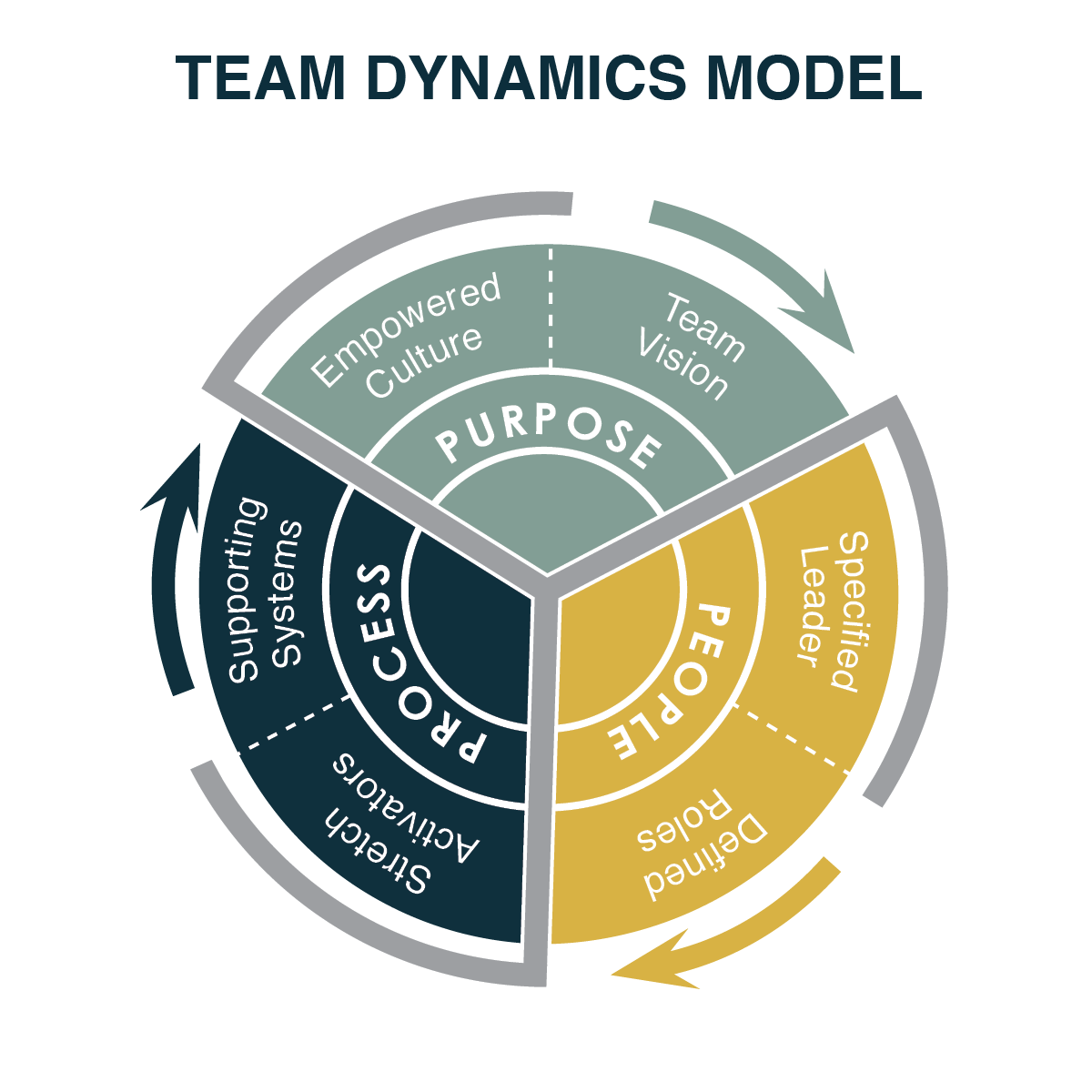 case study on team dynamics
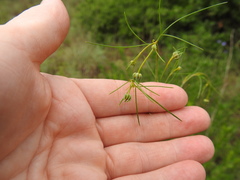 Thelesperma flavodiscum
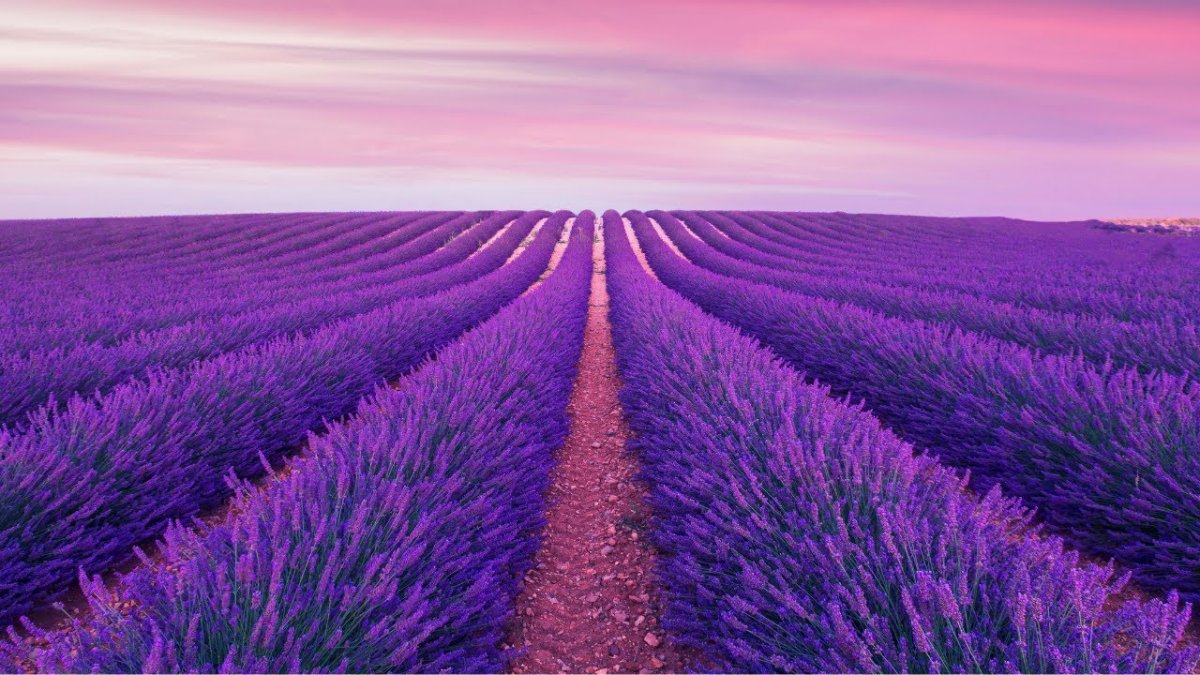 Beautiful Relaxing Music пурпурный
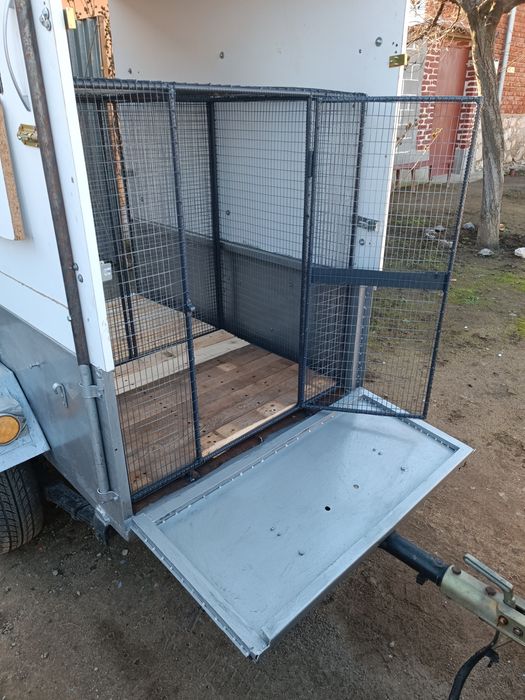 Превоз на домашни любимци в България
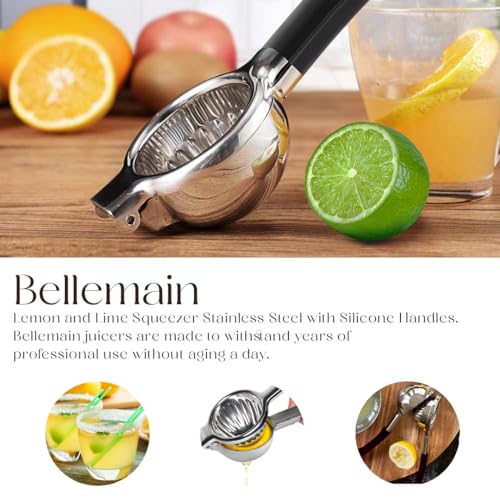 Citrus Juicer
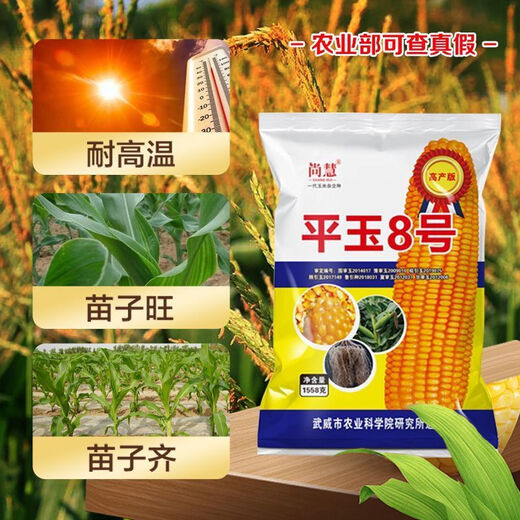 Complete collection of corn seeds, new varieties of short-stem Academy of Agricultural Sciences, resistant to lodging, rust resistance, and drought resistance, high-quality original corn. Complete collection of corn seeds, new varieties of short-stem Academy of Agricultural Sciences, resistant to lodging, rust, and drought resistance, high-quality original corn seeds.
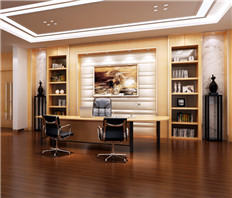 技術(shù)總監(jiān)辦公室家具設(shè)計(jì)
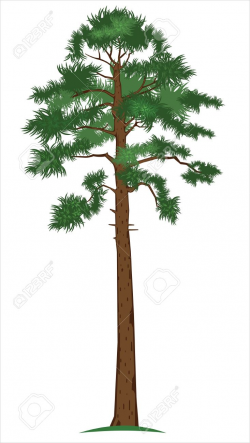 Collection of Tall clipart | Free download best Tall clipart ...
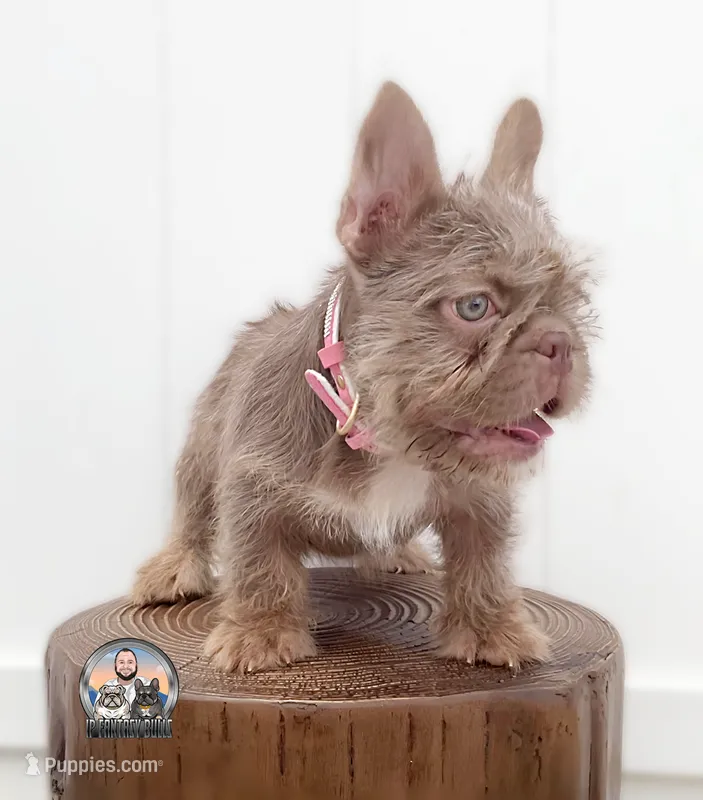 ALEXA (FLOODLE) – French Bulldog puppy for sale in Lehigh Acres, FL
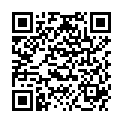 QR PEHA-INSTRUM CHIR SCHERE SPI/S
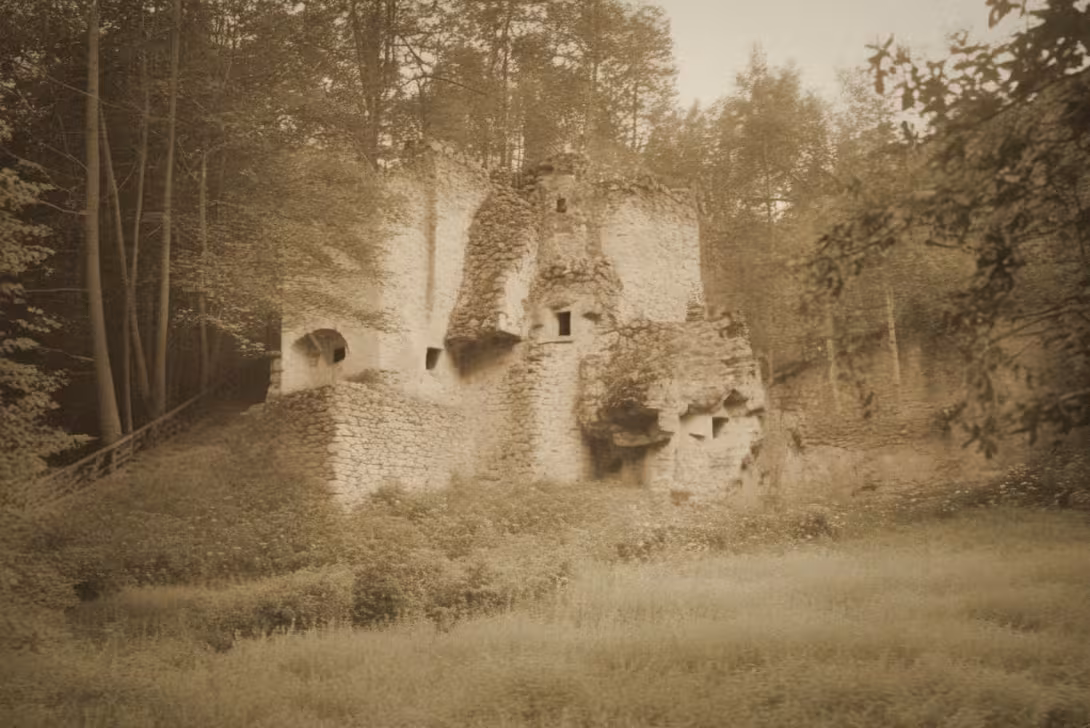 Historická podoba – Pařez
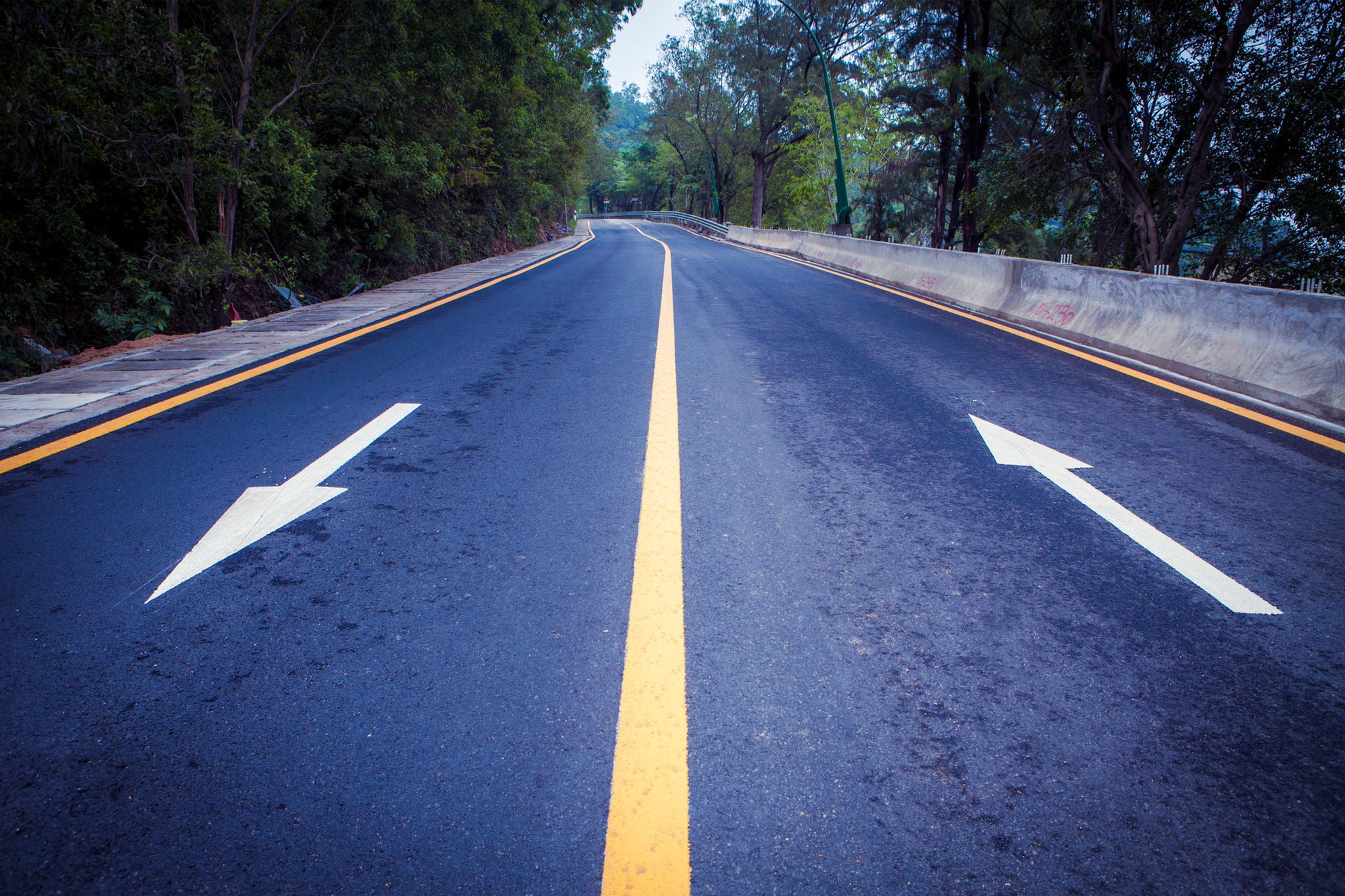 road through forest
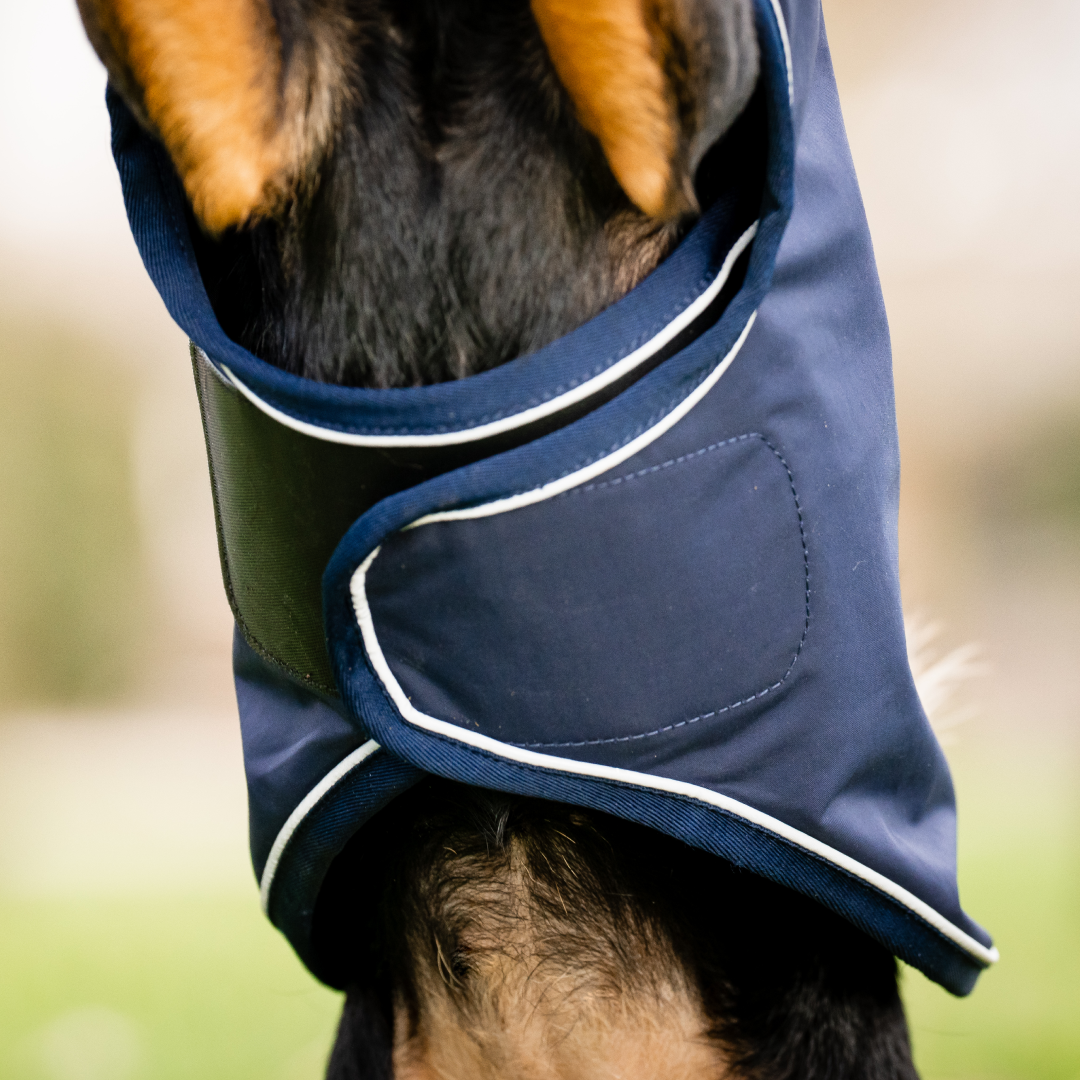 Horseware Signature Dog Rain Coat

+ + + +

■ Task
Output exactly those lines of the data above that run from the line with "Превоз на домашни любимци в България" up to and including the line with "Collection of Tall". No pictures go in.

■ Answer space
 Превоз на домашни любимци в България
 Citrus Juicer
 Complete collection of corn seeds, new varieties of short-stem Academy of Agricultural Sciences, resistant to lodging, rust resistance, and drought resistance, high-quality original corn. Complete collection of corn seeds, new varieties of short-stem Academy of Agricultural Sciences, resistant to lodging, rust, and drought resistance, high-quality original corn seeds.
 技術(shù)總監(jiān)辦公室家具設(shè)計(jì)
 Collection of Tall clipart | Free download best Tall clipart ...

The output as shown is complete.